As the leaves turn with the onset of Autumn so does the conversation in the studio to that distinctive feeling of change in the air, practicalities of bareroot season planting and the importance of making time to observe the Autumn colour and key compositions in the garden.
While walking the woods which make up a larger part of the grounds at Bailey Farm the striking paper thin burnt orange bark of an Acer griseum catches in the easterly rays of the setting sun. With the spent tufts of Molinia Caerulea Arundinacea ‘Transparent’ brushing up against the rigid stems of Verbena bonariensis acting as that painterly impressionist haze in the background.

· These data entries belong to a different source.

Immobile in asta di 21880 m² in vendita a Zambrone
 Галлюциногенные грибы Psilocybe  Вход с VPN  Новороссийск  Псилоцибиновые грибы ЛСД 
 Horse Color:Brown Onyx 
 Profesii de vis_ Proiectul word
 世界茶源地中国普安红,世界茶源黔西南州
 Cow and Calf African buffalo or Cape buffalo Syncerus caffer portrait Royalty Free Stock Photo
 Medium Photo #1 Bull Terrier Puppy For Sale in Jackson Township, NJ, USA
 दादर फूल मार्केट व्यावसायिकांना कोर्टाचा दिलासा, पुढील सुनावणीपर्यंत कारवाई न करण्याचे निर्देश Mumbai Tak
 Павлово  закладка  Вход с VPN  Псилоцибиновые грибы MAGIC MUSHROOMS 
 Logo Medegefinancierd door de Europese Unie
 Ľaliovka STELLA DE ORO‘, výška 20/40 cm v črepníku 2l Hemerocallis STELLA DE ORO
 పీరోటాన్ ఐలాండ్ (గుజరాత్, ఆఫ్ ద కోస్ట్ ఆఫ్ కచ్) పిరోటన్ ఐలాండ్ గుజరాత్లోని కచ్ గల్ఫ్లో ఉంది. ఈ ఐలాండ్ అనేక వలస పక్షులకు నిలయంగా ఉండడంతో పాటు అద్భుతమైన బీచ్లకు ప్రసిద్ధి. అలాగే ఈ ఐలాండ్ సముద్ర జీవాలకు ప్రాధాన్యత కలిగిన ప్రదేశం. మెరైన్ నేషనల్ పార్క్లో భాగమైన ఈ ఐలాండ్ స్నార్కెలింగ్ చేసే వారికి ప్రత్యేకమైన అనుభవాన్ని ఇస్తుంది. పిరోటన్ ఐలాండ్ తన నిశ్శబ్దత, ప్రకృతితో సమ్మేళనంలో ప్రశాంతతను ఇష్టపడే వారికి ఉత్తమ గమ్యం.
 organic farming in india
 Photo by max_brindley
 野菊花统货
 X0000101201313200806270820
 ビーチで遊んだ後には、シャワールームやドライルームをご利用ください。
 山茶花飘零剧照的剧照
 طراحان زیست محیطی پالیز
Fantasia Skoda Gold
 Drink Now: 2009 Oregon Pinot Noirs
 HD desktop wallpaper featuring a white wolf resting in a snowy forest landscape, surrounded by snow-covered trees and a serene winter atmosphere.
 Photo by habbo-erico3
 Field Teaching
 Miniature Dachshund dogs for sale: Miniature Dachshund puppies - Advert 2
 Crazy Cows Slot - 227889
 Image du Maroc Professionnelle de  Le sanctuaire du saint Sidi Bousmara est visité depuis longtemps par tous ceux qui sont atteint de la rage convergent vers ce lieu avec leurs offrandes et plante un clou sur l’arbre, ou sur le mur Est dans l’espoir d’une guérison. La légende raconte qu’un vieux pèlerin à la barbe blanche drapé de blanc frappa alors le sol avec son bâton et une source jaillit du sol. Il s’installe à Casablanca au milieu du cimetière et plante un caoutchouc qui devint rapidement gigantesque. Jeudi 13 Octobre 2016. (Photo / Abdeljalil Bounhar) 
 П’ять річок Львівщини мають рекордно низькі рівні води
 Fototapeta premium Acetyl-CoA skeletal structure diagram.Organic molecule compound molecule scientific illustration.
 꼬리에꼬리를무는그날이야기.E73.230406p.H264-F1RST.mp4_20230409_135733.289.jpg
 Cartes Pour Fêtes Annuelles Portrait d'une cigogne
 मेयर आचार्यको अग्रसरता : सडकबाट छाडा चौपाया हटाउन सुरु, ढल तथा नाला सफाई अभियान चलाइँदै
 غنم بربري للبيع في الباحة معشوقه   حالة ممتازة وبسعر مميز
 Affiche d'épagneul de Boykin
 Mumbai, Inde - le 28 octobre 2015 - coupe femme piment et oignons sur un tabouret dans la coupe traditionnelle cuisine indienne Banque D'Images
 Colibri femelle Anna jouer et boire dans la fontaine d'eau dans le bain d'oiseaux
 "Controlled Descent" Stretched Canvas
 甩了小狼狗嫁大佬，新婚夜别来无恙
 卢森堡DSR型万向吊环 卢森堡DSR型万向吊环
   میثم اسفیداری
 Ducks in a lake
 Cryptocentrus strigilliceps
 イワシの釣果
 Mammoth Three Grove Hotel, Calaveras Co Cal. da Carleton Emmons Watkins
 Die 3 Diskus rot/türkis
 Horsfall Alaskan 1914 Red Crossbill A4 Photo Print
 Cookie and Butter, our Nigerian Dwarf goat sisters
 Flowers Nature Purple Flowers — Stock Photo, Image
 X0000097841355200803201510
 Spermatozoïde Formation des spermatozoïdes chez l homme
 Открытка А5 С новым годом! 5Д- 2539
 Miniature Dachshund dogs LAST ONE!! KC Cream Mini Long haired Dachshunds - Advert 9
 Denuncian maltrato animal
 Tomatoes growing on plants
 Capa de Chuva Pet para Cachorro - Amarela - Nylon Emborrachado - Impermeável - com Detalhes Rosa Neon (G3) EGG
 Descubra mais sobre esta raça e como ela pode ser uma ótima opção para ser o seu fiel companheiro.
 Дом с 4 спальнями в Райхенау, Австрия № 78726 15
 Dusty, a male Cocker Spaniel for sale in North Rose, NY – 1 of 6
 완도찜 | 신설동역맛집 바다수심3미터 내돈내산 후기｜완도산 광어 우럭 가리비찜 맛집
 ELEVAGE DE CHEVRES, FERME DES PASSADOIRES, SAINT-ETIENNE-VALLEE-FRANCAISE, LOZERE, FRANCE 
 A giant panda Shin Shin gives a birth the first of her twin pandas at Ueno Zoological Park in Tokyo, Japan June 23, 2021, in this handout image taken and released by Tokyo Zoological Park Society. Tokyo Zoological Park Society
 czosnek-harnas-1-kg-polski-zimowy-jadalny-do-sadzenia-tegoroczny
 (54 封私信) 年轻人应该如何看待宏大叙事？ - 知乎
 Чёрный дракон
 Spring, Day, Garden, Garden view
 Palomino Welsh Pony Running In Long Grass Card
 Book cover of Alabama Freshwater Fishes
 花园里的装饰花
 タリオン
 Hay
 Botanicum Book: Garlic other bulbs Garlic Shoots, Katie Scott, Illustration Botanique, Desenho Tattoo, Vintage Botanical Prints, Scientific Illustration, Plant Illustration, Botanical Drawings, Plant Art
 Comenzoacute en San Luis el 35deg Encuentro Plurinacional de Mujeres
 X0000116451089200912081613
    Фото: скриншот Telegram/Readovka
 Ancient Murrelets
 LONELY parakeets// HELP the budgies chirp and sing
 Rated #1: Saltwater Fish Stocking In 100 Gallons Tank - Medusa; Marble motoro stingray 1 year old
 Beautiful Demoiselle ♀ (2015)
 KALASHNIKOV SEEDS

If the plants are the palette landform is the canvas and any considered planting with various layers of colour and form need an appropriate canvas to mingle and interact with. This interplay of planting and landform is well represented in the seasons long shadows. A Betula pendula with its delicate leaves scattering light across the lawn whilst its strong rigid trunk guides the eye along ephemeral vistas, the folds in the land highlighted like a crease in a piece of Japanese origami.
The implementation of a Millennium woodland has meant there are some interesting and slightly less common species that live at Bailey farm. An example being a Hoop ash or Fraxinus nigra which adorns a quiet corner of the woodland, its name derived from its easy to split wood which is traditionally used for basket weaving.
Along side the Franxinus nigra a male Ilex x meserveae acts as a beneficial understory shrub creating a sweet subtle scent in the air but none so sweet as the delicious candy like smell of a near by Cercidiphyllum japonicum which quite literally makes your mouth water.
Autumn is a beautiful time of year in the garden and such a fun time of year to design to. Its brief nature and the bittersweet taste of a summer gone and a long winter on the horizon making it all the more fleeting and special.